March 24, 2000
Mikael - the world is full of surprises; the amorphous (glassy) nature of these carbon fibers was not expected from literature report on similar materials from other manufactures - it would be interesting to know if this correlates with strength properties. To see if there is any internal texture, oxidation etching (both c and a-b directions) would indeed be desirable - Richard Myers did only too well in polishing your samples.
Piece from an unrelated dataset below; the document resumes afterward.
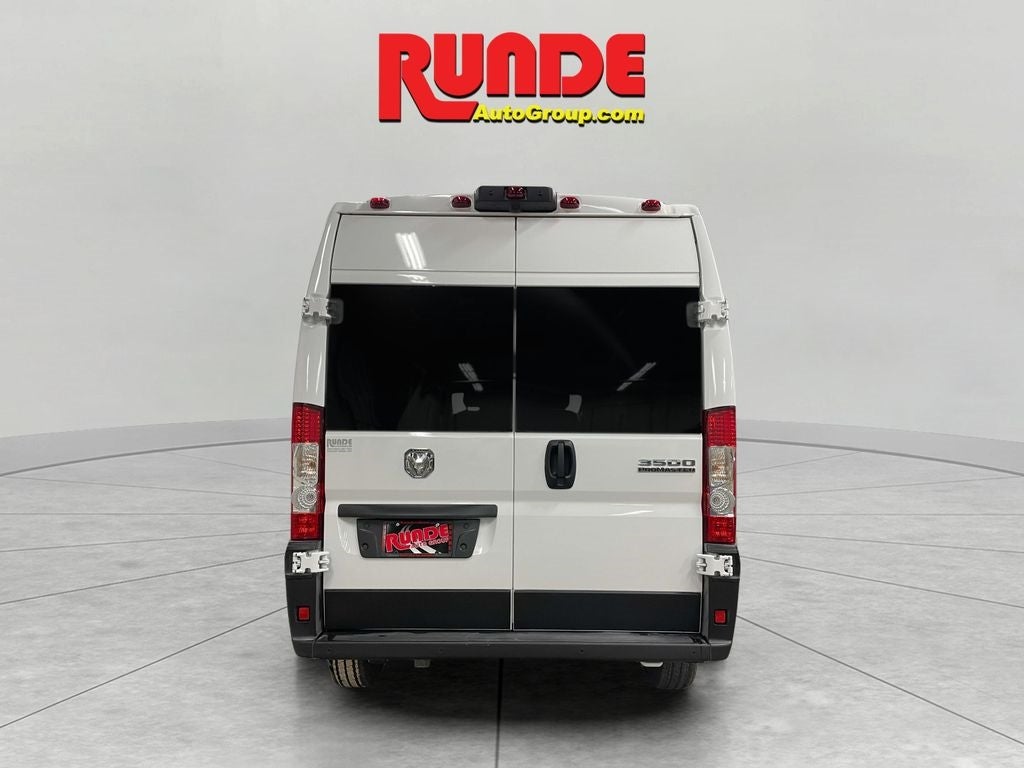 2025 RAM ProMaster 3500 SLT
I am glad that your Arab colleague became informed about the nature of kohl so that you can both dissuade your lady friends from frequent application.
An interesting project of practical importance for all of us (the engineering; not the kohl) who will venture onto your bridge!
Lycka till.
Gustaf Arrhenius
Grade: A
The Structure of Carbon Fibers
by
Mikael Broström
San Diego, California
Submitted to
Professor G. Arrhenius
Lecturer, Material Science, MATS 290
University of California, San Diego
March 23, 2000
Table of Contents Page
1.0 The Manufacturing Process of Carbon Fibers
*2.0 X-Ray Diffraction
*2.1 Unknown Sample
*2.2 Graphite Powder Sample
*2.3 Carbon Fiber Samples
*3.0 Scanning Electron Microscope
*4.0 Conclusion
*
List of Illustrations Page
Figure 1. Schematic of PAN and pitch based carbon fiber manufacturing procedure.
*Figure 2. Structural model for carbon fibers during graphitization.
*Figure 3. X-ray diffraction diagram of unknown sample.
*Figure 4. Lead Sulfide (PbS) card.
*Figure 5. X-ray diffraction diagram of graphite powder sample.
*Figure 6. X-ray diffraction diagram of alumina oxide (Al2O3) sample.
*Figure 7. X-ray diffraction diagram of carbon fibers lying along the sample surface (Sample 1).
*Figure 8. X-ray diffraction diagram of carbon fibers with the fibers’ ends "coming out of" the sample surface (Sample 2).
*Figure 9. X-ray diffraction diagram of epoxy free carbon fibers with the fibers lying along the sample surface.
*Figure 10. X-ray diffraction diagram over the 2
q = 25.6° peak of alumina oxide. *Figure 11. Scanning electron microscope pictures of Sample 2 (a, b, and c), and Sample 1 (d).
*Figure 12. Scanning electron microscope pictures of carbon fibers that failed in tension.
*Figure 13. Scanning electron microscope pictures of carbon fibers; left sketch: oriented core texture; right sketch: radial texture.
*Figure 14. Lamellar model; (a) model, (b) interlinking of aromatic layers, and (c) tensile failure.
*Figure 15. Microtexture model of carbon fiber: (a) top view, and (b) side view.
*
Table 2. Indexing of the unknown sample’s x-ray diffraction diagram.
*Table 3. Indexing of the graphite powder’s x-ray diffraction diagram.
*
THE STRUCTURE OF CARBON FIBERS
Carbon fibers are manufactured from synthetic fibers through heating and stretching treatments, and a simplified schematic of this manufacturing process can be seen in Figure 1 (on p. 2). Polyacrylonitrile (PAN) and pitch are the two most common raw products used to produce carbon fibers. PAN is a synthetic fiber that is pre-manufactured and wound onto spools, and pitch is a coal-tar petroleum product that is melted, spun, and stretched into fibers. First, in the thermoset treatment, the fibers are stretched and heated to no more than 400° C. This step cross-links carbon chains so that the fibers will not melt in subsequent treatments. Second, in the carbonize treatment, the fibers are heated to about 800° C in an oxygen free environment. This step removes non-carbon impurities, and for PAN based fibers Table 1 (on p. 2) shows the fibers’ composition after different treatment steps. Third, the fibers are graphitized; this step stretches the fibers between 50 to 100% elongation, and heats them to temperatures ranging from 1100° C to 3000° C. The stretching ensures a preferred crystalline orientation (See Figure 2, on p. 3), which results in the desired Young’s modulus around 300-600 GPa. Finally, the last two treatment steps, surface treatment and epoxy sizing, are preformed to enhance the carbon fiber / epoxy bonding strength. Several different methods can be used in these last steps, but will not be discussed in this paper.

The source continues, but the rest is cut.